## What you need to do
When a line in the entries below contains the word "Diamond", copy that line.

## Record excerpts

:::

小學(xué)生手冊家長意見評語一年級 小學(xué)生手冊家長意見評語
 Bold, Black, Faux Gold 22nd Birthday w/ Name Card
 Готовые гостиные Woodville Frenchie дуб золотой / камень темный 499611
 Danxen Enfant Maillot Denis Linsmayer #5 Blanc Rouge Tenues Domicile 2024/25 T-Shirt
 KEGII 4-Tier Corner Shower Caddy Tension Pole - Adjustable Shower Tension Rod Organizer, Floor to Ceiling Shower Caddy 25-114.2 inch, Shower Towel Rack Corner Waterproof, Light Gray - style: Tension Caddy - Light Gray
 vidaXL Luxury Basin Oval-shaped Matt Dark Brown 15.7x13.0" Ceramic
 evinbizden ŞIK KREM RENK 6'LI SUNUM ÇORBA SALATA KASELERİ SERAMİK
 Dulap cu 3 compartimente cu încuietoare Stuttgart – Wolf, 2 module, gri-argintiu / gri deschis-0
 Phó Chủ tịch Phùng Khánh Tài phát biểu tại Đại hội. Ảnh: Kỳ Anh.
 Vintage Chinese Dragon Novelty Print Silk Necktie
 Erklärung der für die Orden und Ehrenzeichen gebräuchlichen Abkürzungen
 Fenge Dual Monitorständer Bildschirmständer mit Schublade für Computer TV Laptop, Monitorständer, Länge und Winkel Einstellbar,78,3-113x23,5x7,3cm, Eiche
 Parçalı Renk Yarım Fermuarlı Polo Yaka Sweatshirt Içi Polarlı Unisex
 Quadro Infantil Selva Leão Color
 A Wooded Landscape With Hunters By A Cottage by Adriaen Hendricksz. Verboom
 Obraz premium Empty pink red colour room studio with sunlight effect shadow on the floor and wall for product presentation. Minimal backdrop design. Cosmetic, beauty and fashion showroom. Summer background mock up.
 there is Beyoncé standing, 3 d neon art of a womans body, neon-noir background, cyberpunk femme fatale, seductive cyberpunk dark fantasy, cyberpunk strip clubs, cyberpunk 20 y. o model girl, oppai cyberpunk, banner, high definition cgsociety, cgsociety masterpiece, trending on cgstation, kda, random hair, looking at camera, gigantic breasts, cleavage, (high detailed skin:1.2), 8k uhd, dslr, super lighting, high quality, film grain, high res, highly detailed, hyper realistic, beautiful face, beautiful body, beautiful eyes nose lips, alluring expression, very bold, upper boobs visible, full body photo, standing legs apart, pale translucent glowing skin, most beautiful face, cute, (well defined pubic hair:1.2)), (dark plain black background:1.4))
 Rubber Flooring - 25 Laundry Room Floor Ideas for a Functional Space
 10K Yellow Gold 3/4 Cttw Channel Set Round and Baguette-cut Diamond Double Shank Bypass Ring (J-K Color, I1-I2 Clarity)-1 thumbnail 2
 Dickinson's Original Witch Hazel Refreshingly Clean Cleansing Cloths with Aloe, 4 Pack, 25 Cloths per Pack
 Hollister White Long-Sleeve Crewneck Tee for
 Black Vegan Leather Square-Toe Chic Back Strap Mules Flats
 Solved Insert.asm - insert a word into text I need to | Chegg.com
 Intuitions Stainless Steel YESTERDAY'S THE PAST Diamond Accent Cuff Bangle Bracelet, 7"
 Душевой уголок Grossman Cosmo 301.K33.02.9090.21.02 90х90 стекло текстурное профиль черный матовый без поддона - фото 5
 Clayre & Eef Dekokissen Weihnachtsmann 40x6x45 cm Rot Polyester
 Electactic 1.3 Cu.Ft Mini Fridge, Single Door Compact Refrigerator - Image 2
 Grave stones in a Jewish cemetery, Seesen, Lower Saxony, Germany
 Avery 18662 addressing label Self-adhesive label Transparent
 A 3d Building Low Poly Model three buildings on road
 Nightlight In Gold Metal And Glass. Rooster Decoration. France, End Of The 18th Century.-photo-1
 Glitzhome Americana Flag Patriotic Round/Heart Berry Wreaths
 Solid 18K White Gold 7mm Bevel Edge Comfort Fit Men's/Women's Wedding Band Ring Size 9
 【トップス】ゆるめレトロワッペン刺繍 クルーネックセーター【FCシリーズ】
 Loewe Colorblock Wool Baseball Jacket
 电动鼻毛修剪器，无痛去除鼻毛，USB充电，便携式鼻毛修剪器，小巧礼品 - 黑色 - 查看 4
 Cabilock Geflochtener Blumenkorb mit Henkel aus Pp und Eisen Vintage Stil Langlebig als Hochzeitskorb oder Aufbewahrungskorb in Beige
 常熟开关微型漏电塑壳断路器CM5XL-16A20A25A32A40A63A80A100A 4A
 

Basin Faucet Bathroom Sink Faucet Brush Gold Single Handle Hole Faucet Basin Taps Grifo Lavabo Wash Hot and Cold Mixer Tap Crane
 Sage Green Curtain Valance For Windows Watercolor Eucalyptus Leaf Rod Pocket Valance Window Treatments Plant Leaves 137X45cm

:::

## Task result
 10K Yellow Gold 3/4 Cttw Channel Set Round and Baguette-cut Diamond Double Shank Bypass Ring (J-K Color, I1-I2 Clarity)-1 thumbnail 2
 Intuitions Stainless Steel YESTERDAY'S THE PAST Diamond Accent Cuff Bangle Bracelet, 7"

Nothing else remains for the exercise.